#### Work item:
Find the line that holds "Building Photo - 201- 203 Briarcrest Ct", then repeat it and each line below it word for word through the end of the listing, leaving out pictures.

#### Material to process:

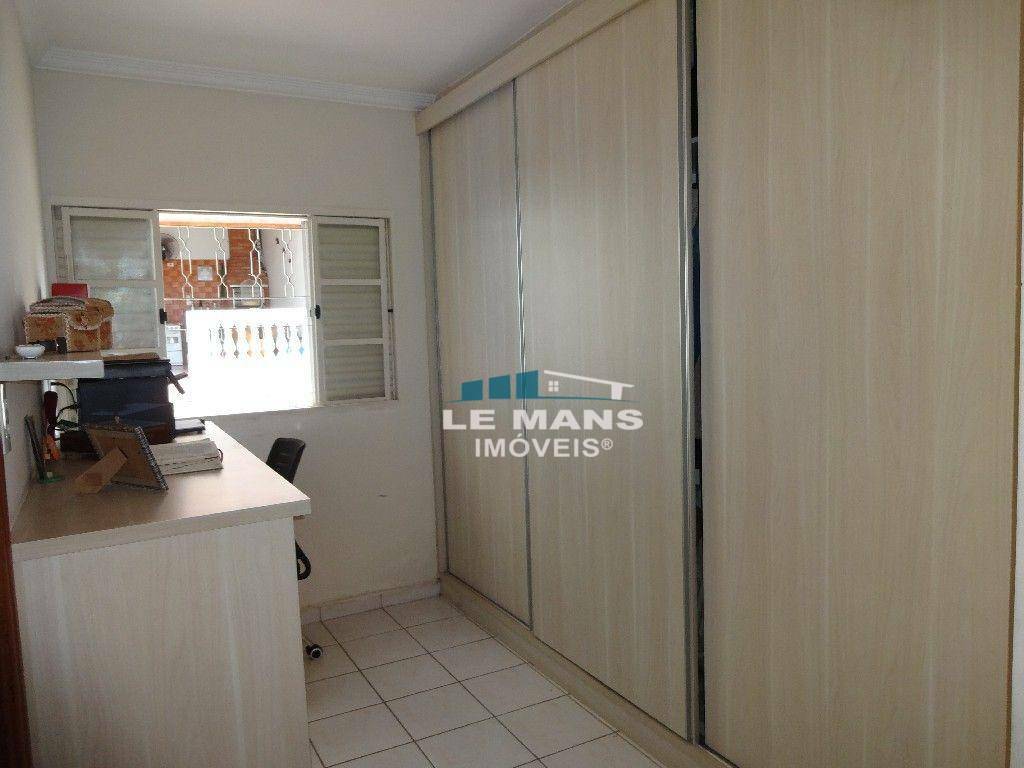 Casa à venda com 3 quartos, 169m² - Foto 16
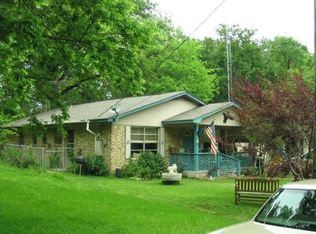 311 N Shady Oaks Dr, Pointblank, TX 77364
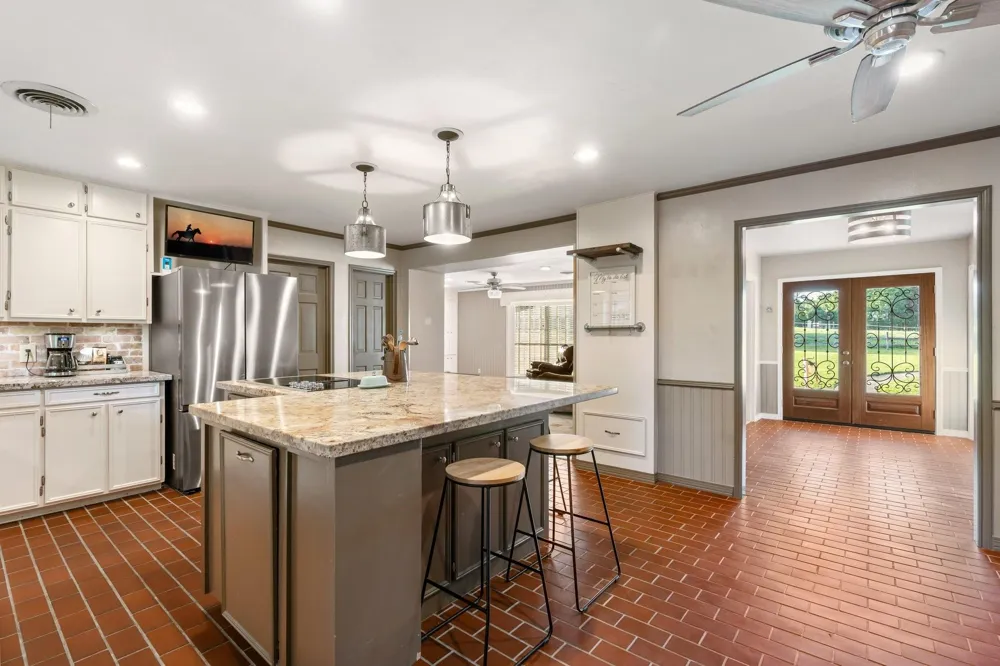 2355 Jackson League Circle Brenham, TX 77833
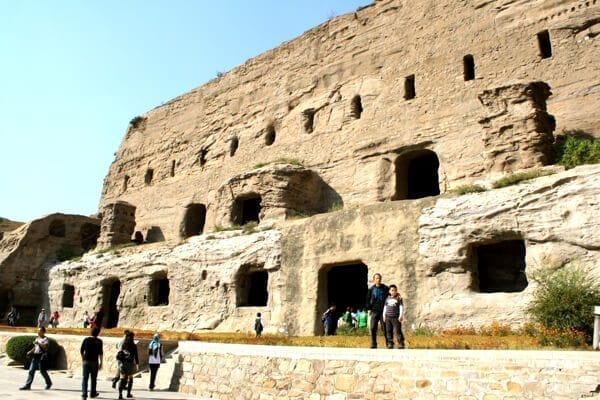 yungang-grottoes-10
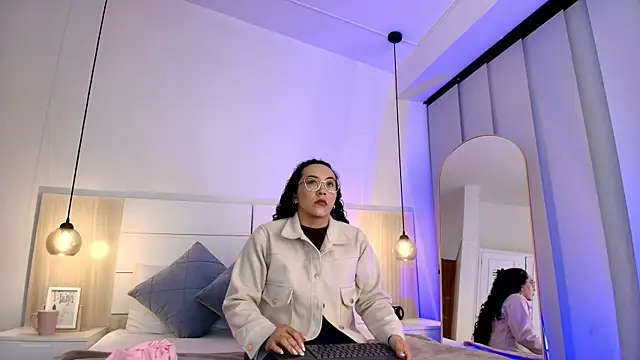 alehia cute online show from 11/09/25, 12:58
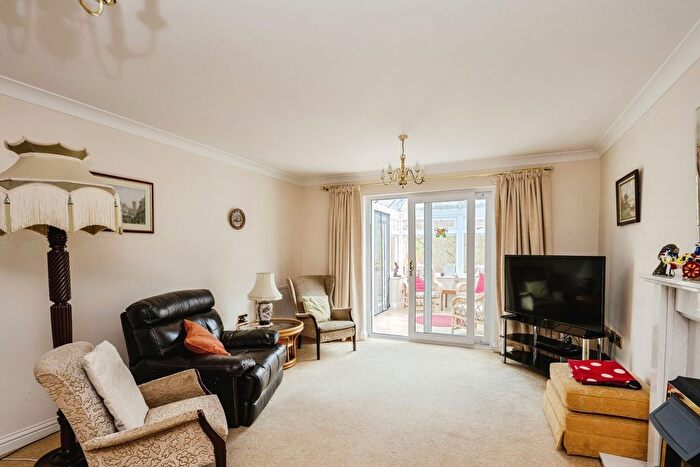 4 Bedroom Bungalow For Sale In Uwchgwendraeth, Drefach, Llanelli, Carmarthenshire, SA14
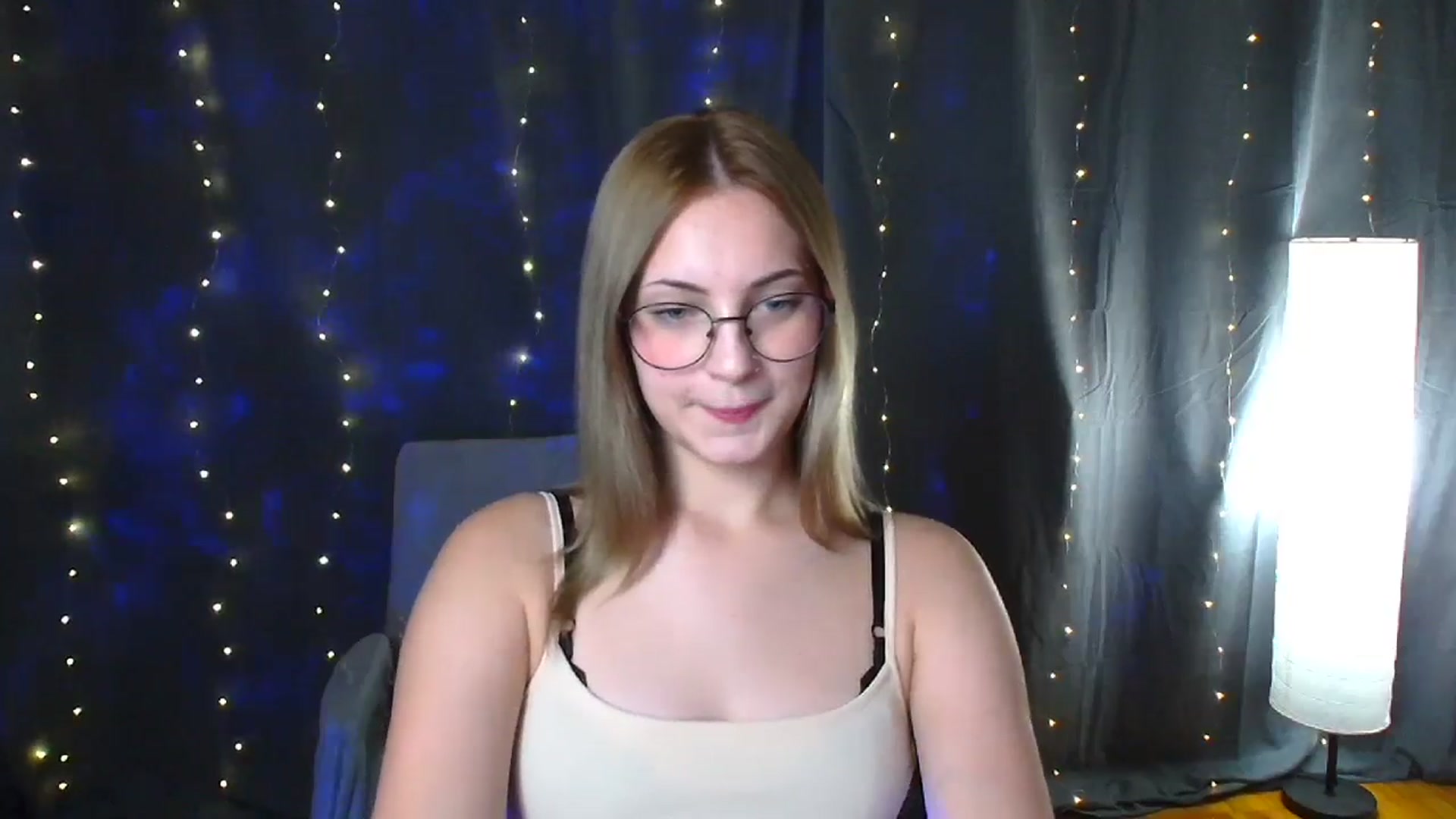 Gallery image thumbnail from Kissismimy's myfreecams stream on, 08/20/2024, 10:29 image 19 of 20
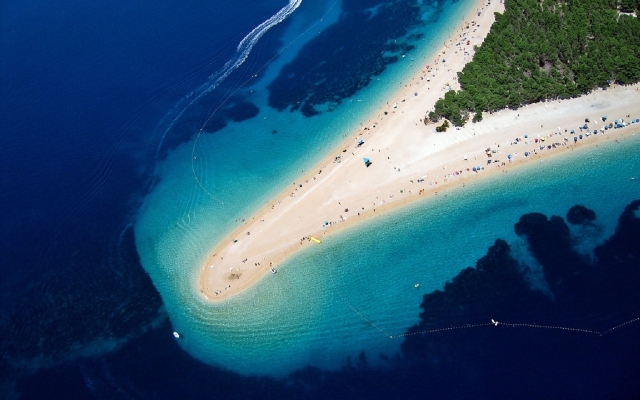Apartment Mari - free parking: A2 Bol, Island Brac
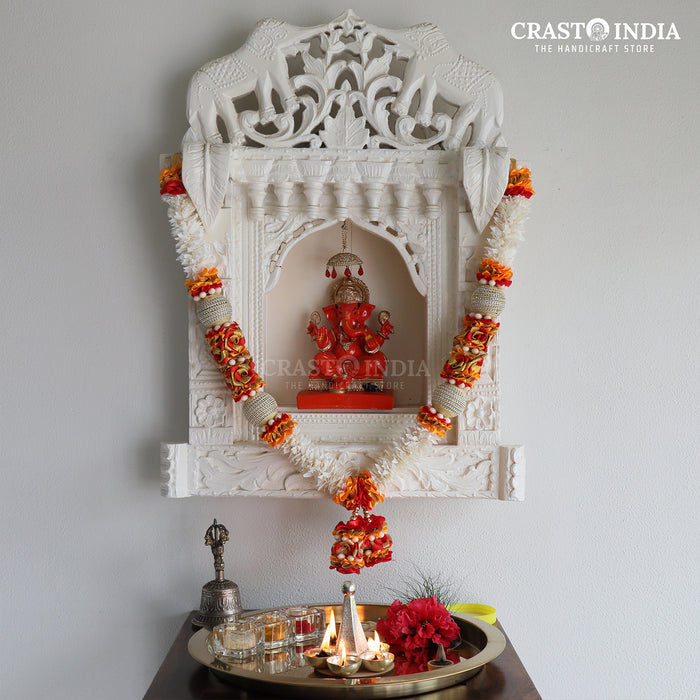 CRASTO INDIA HANDCRAFTED RIBBON GARLAND WITH CHAIN BALL AND ROSES. (AVAILABLE IN 2 COLOURS)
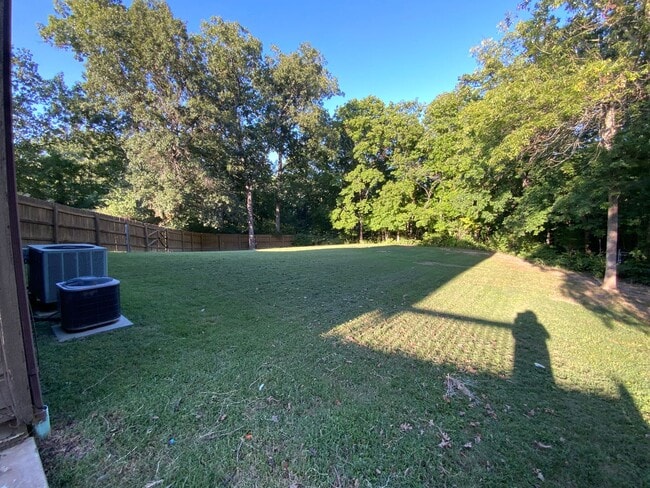 Building Photo - 201- 203 Briarcrest Ct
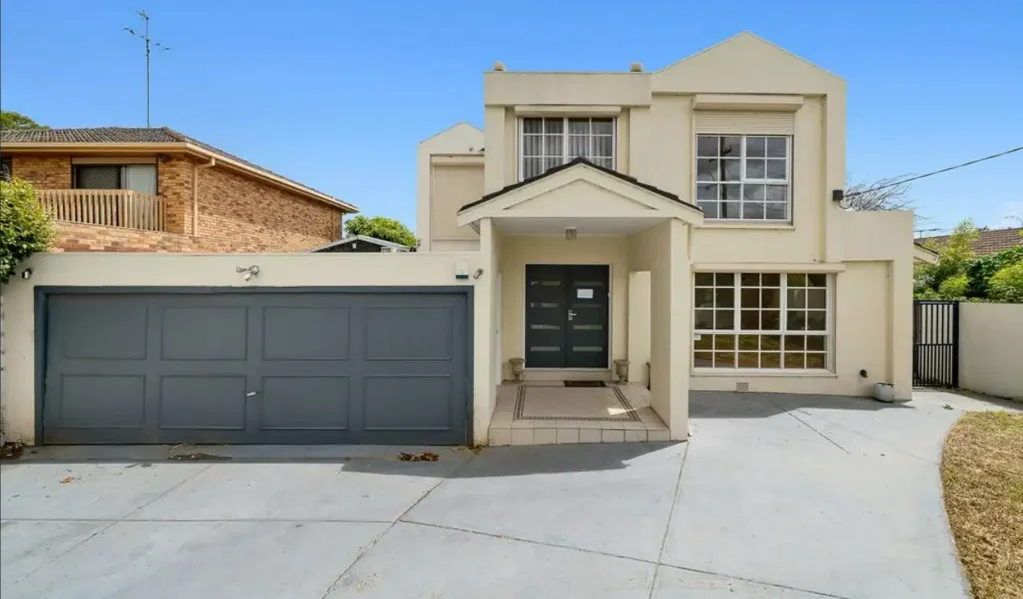Stylish 4 bedrooms house, within walking distance of Ruffey Lake Park.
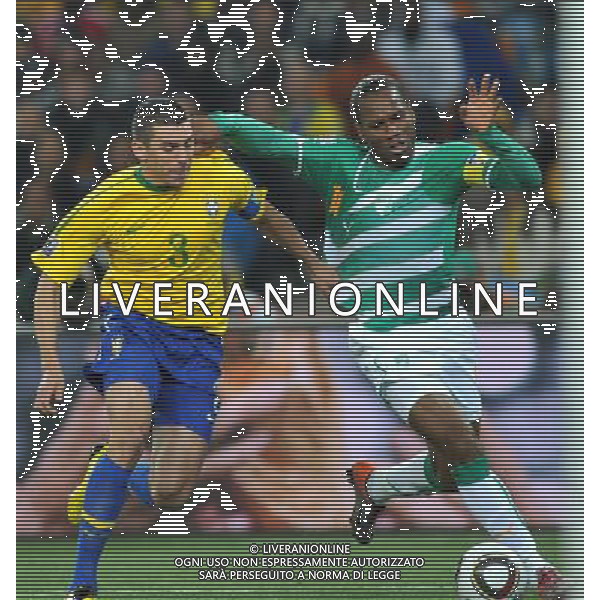 (100621) -- JOHANNESBURG, June 21, 2010 () -- Lucio of Brazil(L) vies with Didier Drogba of Ivory Coast during their Group G soccer match at 2010 FIFA World Cup at Soccer City stadium in Johannesburg, South Africa, on June 20, 2010. Brazil won 3-1. (/Yang Lei)(xm) ©Photoshot/Agenzia Aldo Liverani Sas - ITALY ONLY: BRASILE - COSTA D\'AVORIO FIFA WORLD CUP CAMPIONATI MONDIALI SUD AFRICA 2010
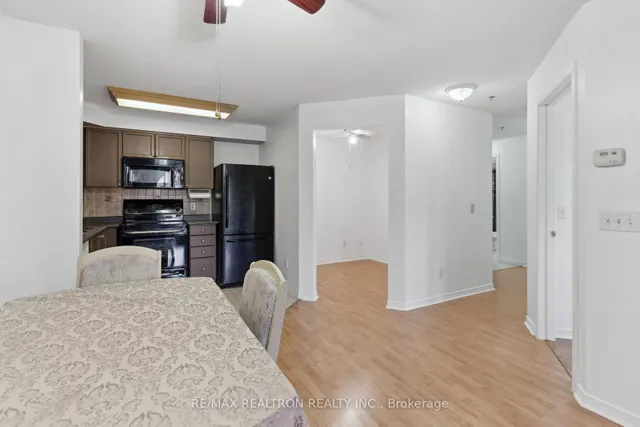 Additional property image - 684 Warden Ave Unit 103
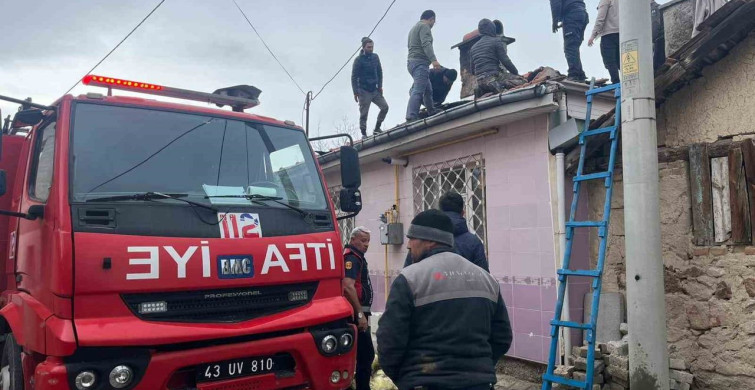 Tavşanlı'da Çıkan Yangın Kontrol Altına Alındı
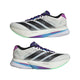 Et par Adidas Adizero Boston 13 herre sko i Cwhite/Cblack/Limbur, med sorte striber, lilla detaljer på hæl og pløs, blå og grønne detaljer på sålen, Lightstrike Pro støddæmpning og Adidas-logoer på siden.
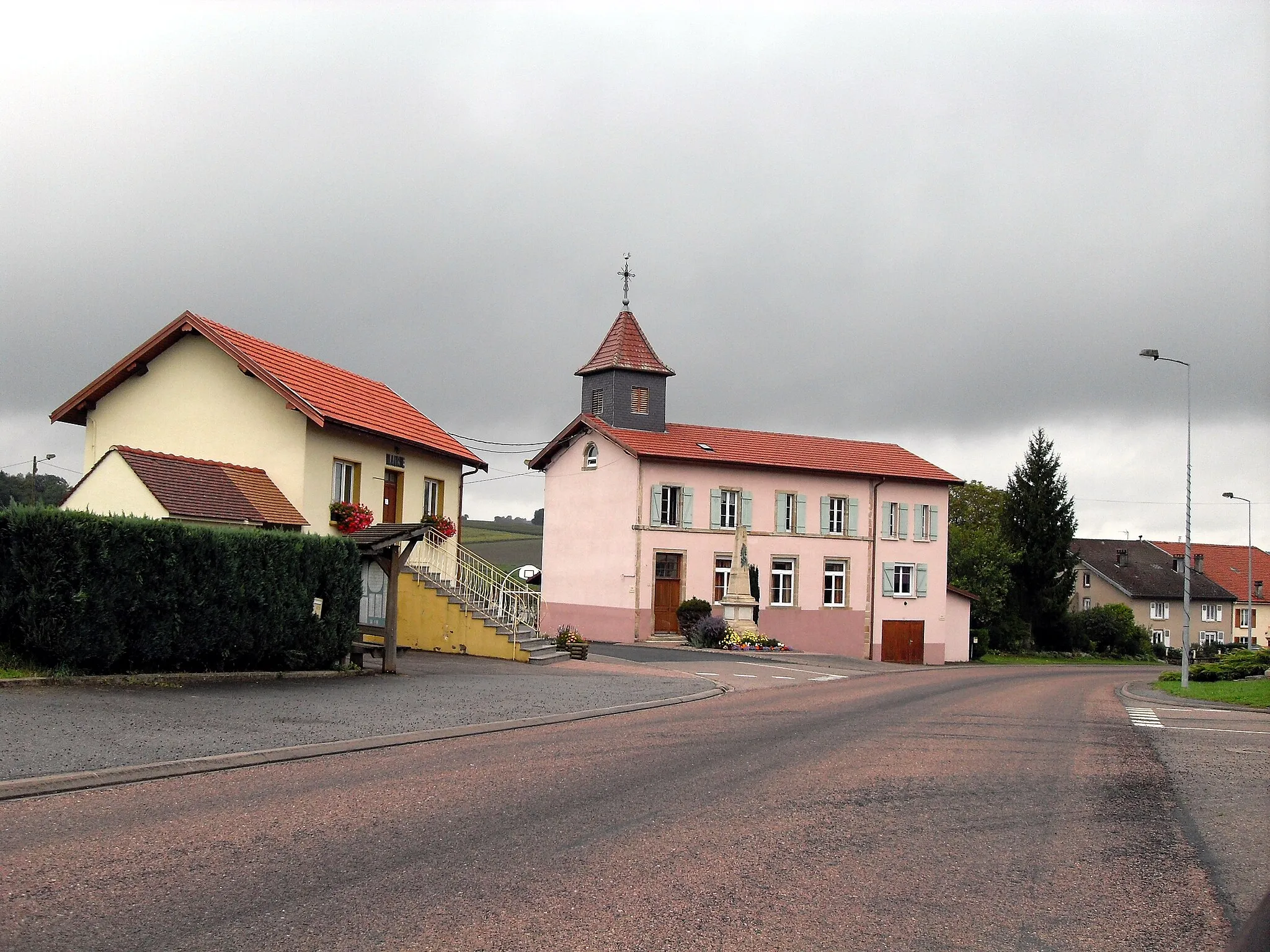 Photo showing: La mairie et l'ancienne école (actuelle salle des fêtes) de Pont-lès-Bonfays
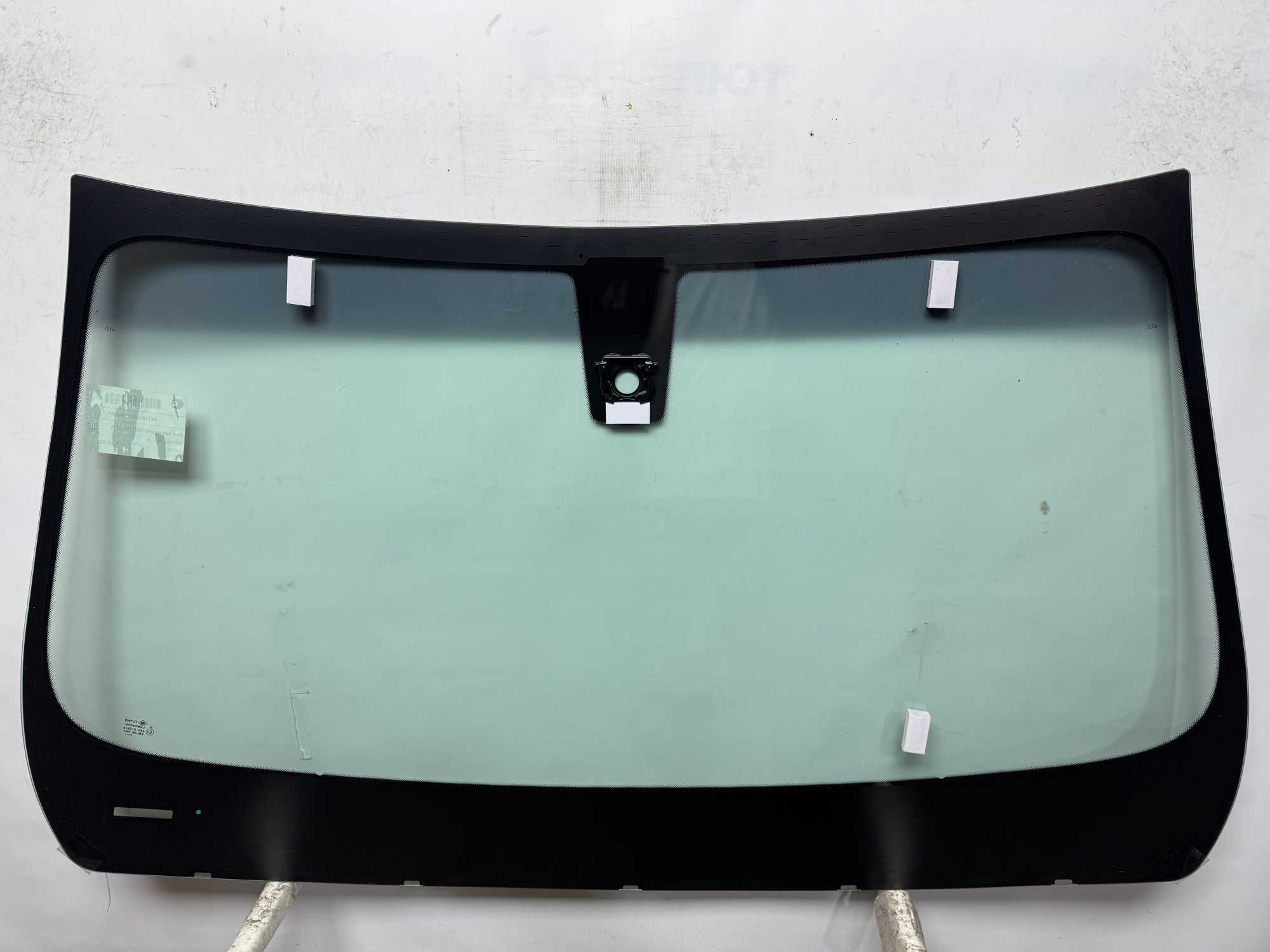 BMW 4-SERIA F32 2014-  FYG ДД СЕРАЯ ПОЛОСА Стекло лобовое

#### Task output:
 Building Photo - 201- 203 Briarcrest Ct
Stylish 4 bedrooms house, within walking distance of Ruffey Lake Park.
 (100621) -- JOHANNESBURG, June 21, 2010 () -- Lucio of Brazil(L) vies with Didier Drogba of Ivory Coast during their Group G soccer match at 2010 FIFA World Cup at Soccer City stadium in Johannesburg, South Africa, on June 20, 2010. Brazil won 3-1. (/Yang Lei)(xm) ©Photoshot/Agenzia Aldo Liverani Sas - ITALY ONLY: BRASILE - COSTA D\'AVORIO FIFA WORLD CUP CAMPIONATI MONDIALI SUD AFRICA 2010
 Additional property image - 684 Warden Ave Unit 103
 Tavşanlı'da Çıkan Yangın Kontrol Altına Alındı
 Et par Adidas Adizero Boston 13 herre sko i Cwhite/Cblack/Limbur, med sorte striber, lilla detaljer på hæl og pløs, blå og grønne detaljer på sålen, Lightstrike Pro støddæmpning og Adidas-logoer på siden.
 Photo showing: La mairie et l'ancienne école (actuelle salle des fêtes) de Pont-lès-Bonfays
 BMW 4-SERIA F32 2014-  FYG ДД СЕРАЯ ПОЛОСА Стекло лобовое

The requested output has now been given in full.